Mi ha sempre divertito questa espressione – filosofia da cucina – che pare tra l’altro attagliarsi perfettamente all’epoca attuale. Sicuramente Hegel l’avvicinerebbe alla modaiola pop-filosofia, ma a me è venuta in mente a proposito di quello strabordante fenomeno cui quotidianamente assistiamo in tv (per chi ha ancora il fegato di guardarla), nei social, nella pubblicità, nell’editoria: ovvero il proliferare di chef e di masterchef, ricettari e gente in grembiule che passa l’intera giornata dietro ai fornelli (e, si presume, a tavola) e l’imporsi di un immaginario – e di un discorso – che ruota ossessivamente attorno al cibo, alla cucina, ai sapori di una volta, alla tavola, al gusto, all’enogastronomia, al turismo gastronomico – ad ogni gastrocosa – dimenticando che, dopotutto, stiamo parlando di un tubo aperto su due lati – e di processi di assimilazione, digestione, espulsione. Tutto ciò ci parla insomma di un’ideologia diffusa che definirei del “cucinismo”.
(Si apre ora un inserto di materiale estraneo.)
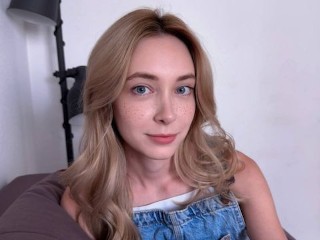 Asked for an Overnight Stay but it all Ended with a Creampie - Loly Nebel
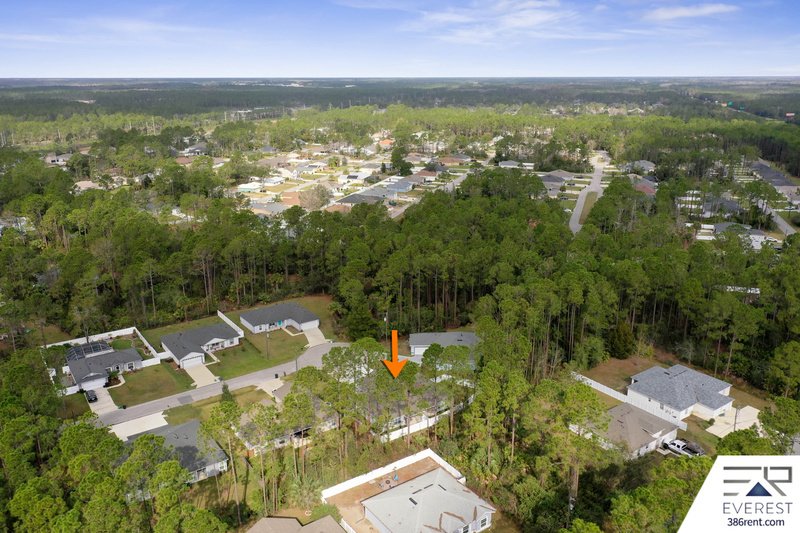 FULLY FENCED, LIKE NEW 3/2/1 TOWNHOUSE ON A CUL DE SAC IN BEAUTIFUL SEMINOLE WOODS property image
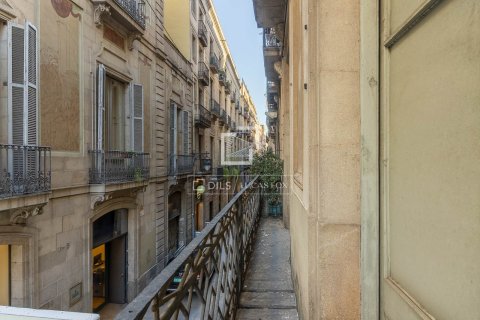Apartamento de 5 dormitorios en venta en Barcelona, Cataluña, Spain № 4127 - foto 5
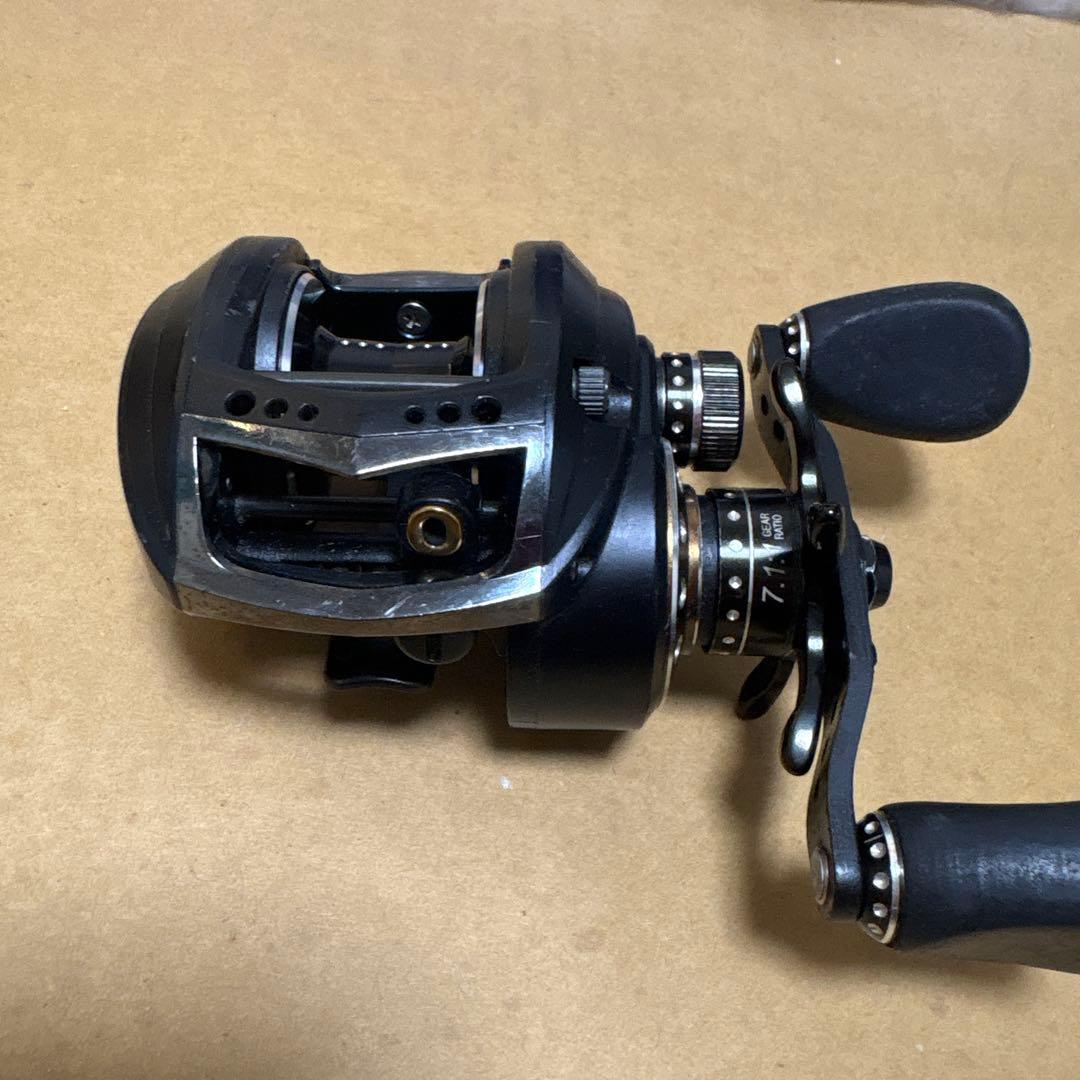 Abu Garcia ReVo MGXリール ブラック 左巻き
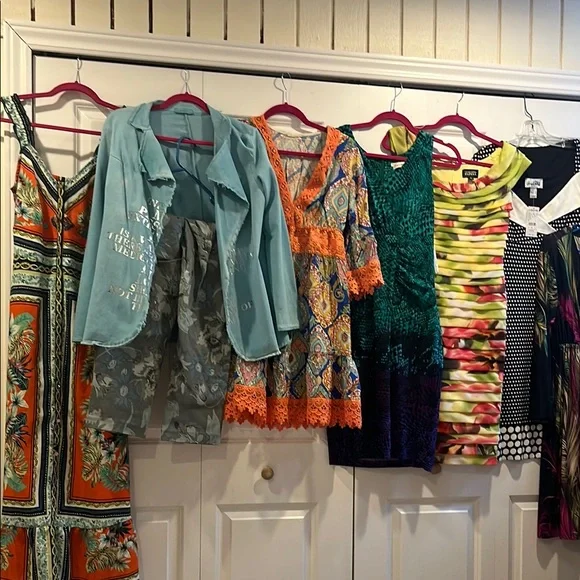 Colorful Patterned Dresses Collection - Picture 4 of 4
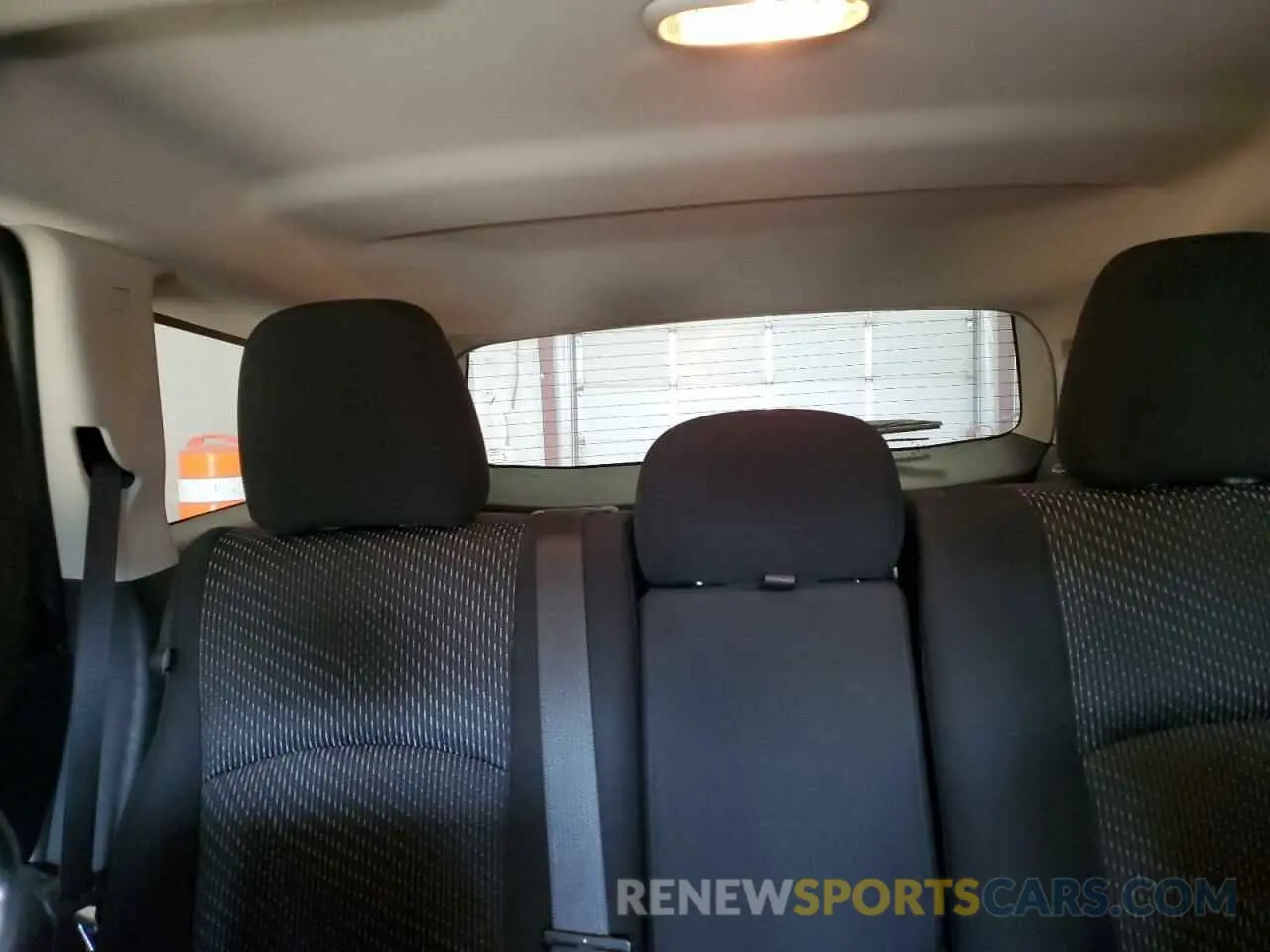 10 Photograph of a damaged car 3C4PDCAB7LT237886 DODGE JOURNEY 2020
Che è poi perfettamente in linea – faccia nascosta della medaglia – con i dati squilibrati di un pianeta che non soffre più di fame (o ne soffre molto meno di un tempo), quanto piuttosto di bulimia e sovralimentazione crescenti.
I dati globali ci dicono infatti che se ancora 850 milioni di umani sono malnutriti, lo sono anche, per ragioni opposte, i 2 miliardi in sovrappeso, dato destinato a crescere fino ad interessare il 50% della popolazione mondiale in pochi anni. Nel 2012 i morti di diabete erano 1,5 milioni, 12 volte di più di quelli dovuti alle guerre.
Hegel troverebbe tuttavia molto pericolosa questa prospettiva, se è vero che le pagine della storia si scrivono con il sangue, e non con i ricettari – medici o culinari che siano.